> Aim of the task
When you return the data, keep every word exact and include none of the images.

[Records from a data source]
──────────────────────────────

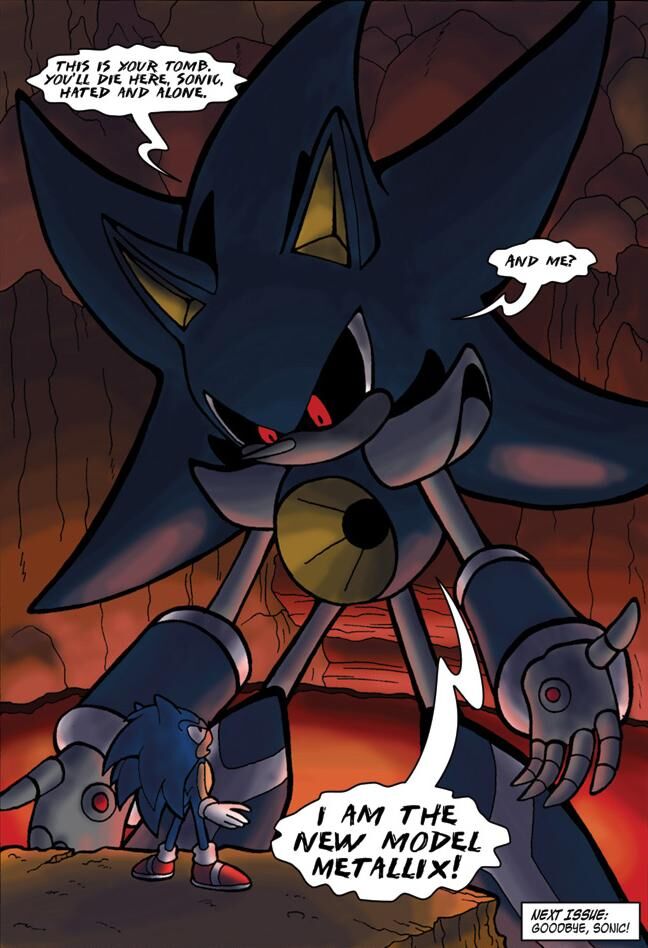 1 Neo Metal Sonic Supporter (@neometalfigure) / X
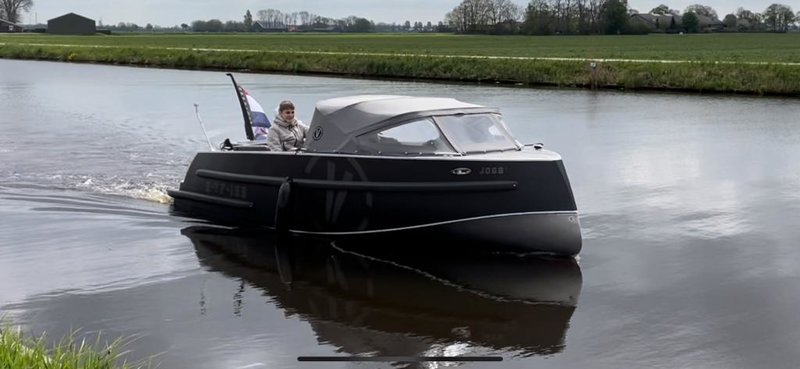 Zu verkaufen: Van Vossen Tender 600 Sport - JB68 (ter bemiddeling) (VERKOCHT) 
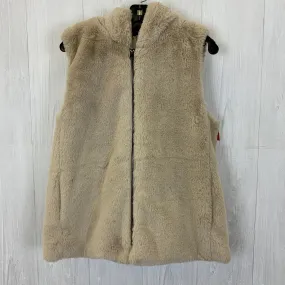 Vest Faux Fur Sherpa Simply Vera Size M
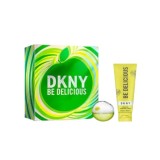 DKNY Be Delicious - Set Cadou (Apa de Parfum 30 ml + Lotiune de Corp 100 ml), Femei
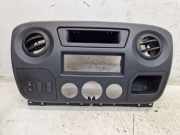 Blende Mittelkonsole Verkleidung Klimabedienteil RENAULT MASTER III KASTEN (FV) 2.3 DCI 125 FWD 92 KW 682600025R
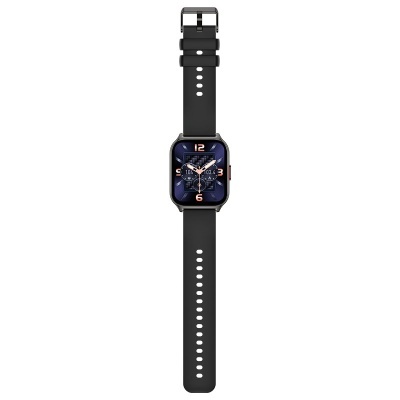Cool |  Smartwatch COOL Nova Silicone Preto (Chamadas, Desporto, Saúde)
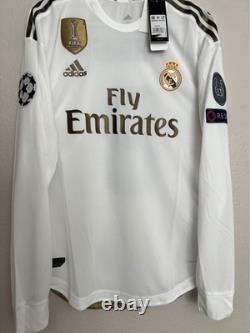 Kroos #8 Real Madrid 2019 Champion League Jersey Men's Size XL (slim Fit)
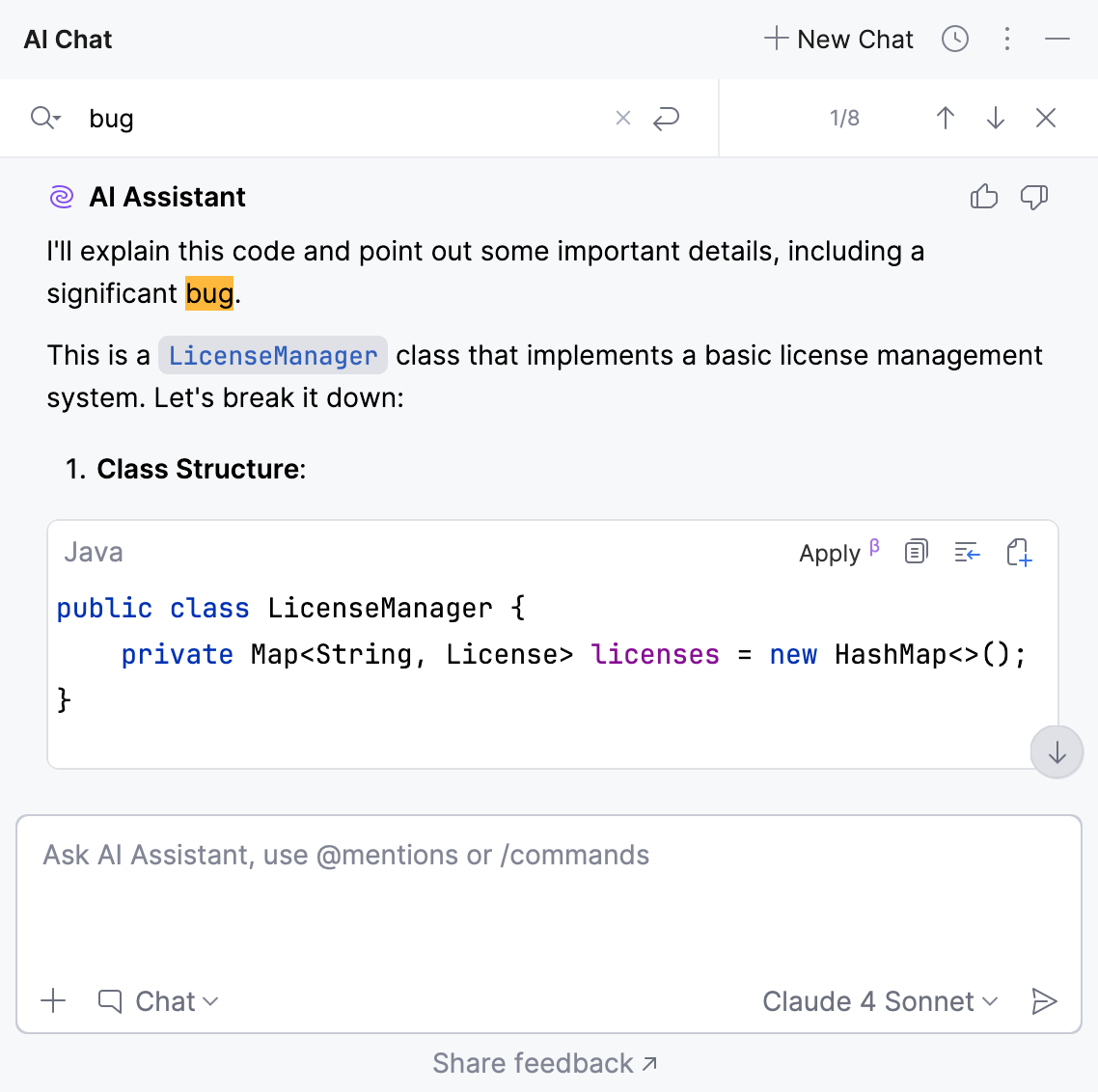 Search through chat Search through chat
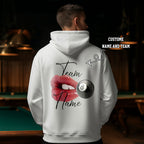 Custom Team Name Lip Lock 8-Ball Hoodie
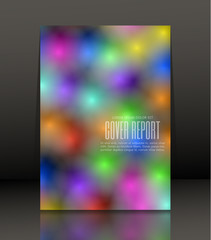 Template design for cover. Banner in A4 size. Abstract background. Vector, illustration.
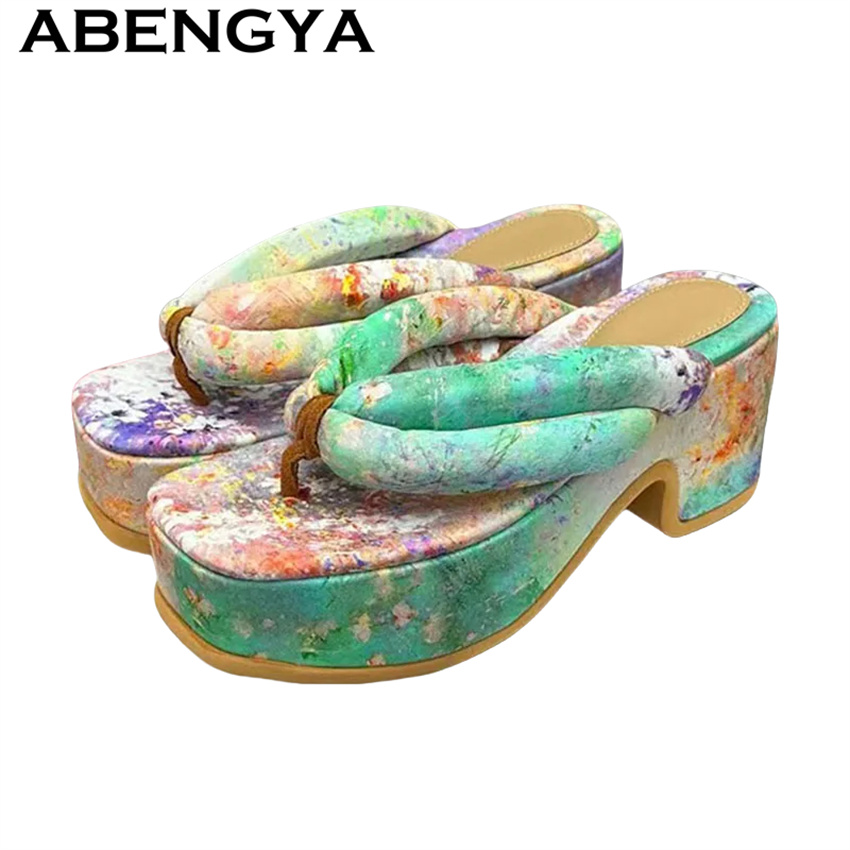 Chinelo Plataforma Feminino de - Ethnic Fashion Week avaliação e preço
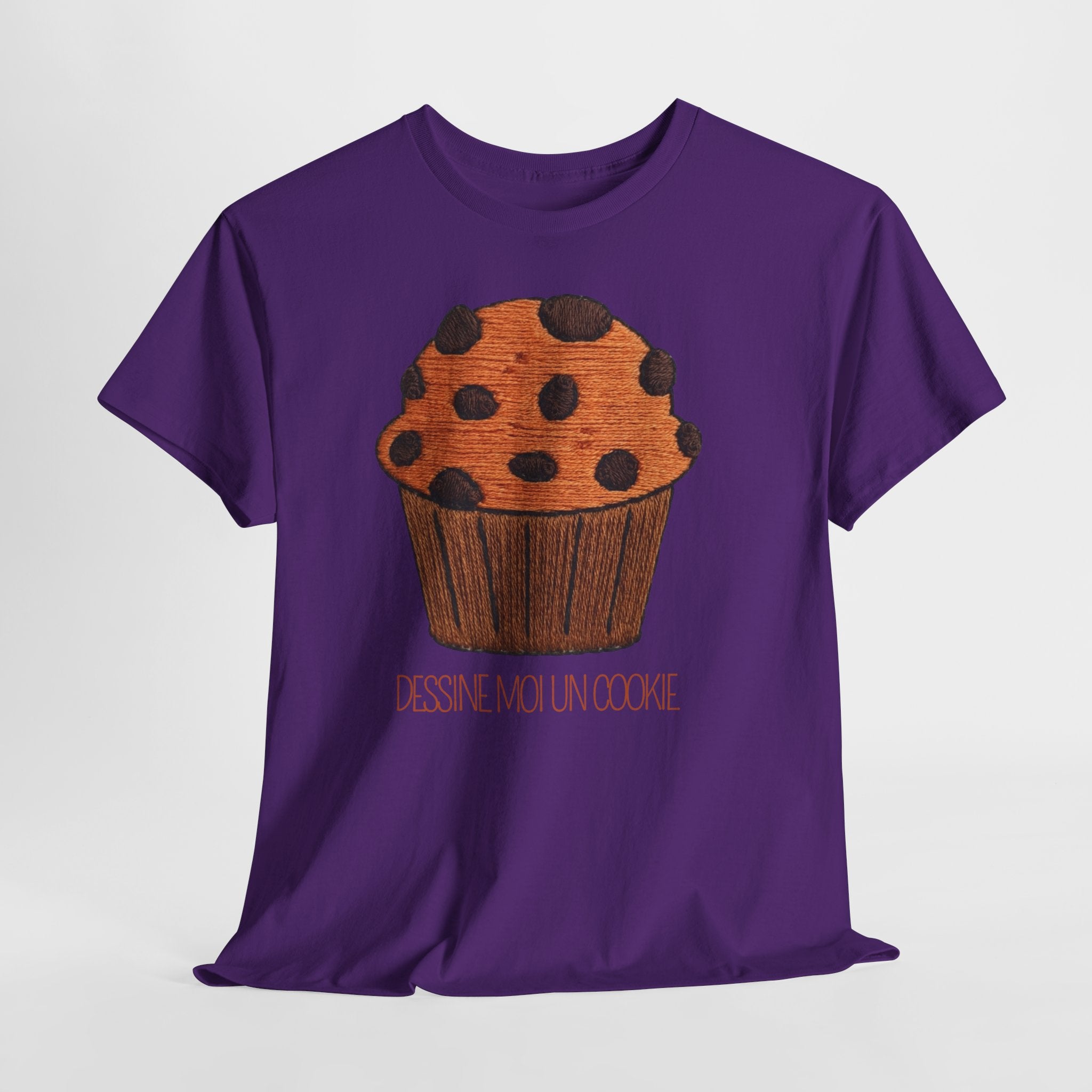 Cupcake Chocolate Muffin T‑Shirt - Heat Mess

──────────────────────────────

> Answer to this exercise
 1 Neo Metal Sonic Supporter (@neometalfigure) / X
 Zu verkaufen: Van Vossen Tender 600 Sport - JB68 (ter bemiddeling) (VERKOCHT) 
 Vest Faux Fur Sherpa Simply Vera Size M
 DKNY Be Delicious - Set Cadou (Apa de Parfum 30 ml + Lotiune de Corp 100 ml), Femei
 Blende Mittelkonsole Verkleidung Klimabedienteil RENAULT MASTER III KASTEN (FV) 2.3 DCI 125 FWD 92 KW 682600025R
Cool |  Smartwatch COOL Nova Silicone Preto (Chamadas, Desporto, Saúde)
 Kroos #8 Real Madrid 2019 Champion League Jersey Men's Size XL (slim Fit)
 Search through chat Search through chat
 Custom Team Name Lip Lock 8-Ball Hoodie
 Template design for cover. Banner in A4 size. Abstract background. Vector, illustration.
 Chinelo Plataforma Feminino de - Ethnic Fashion Week avaliação e preço
 Cupcake Chocolate Muffin T‑Shirt - Heat Mess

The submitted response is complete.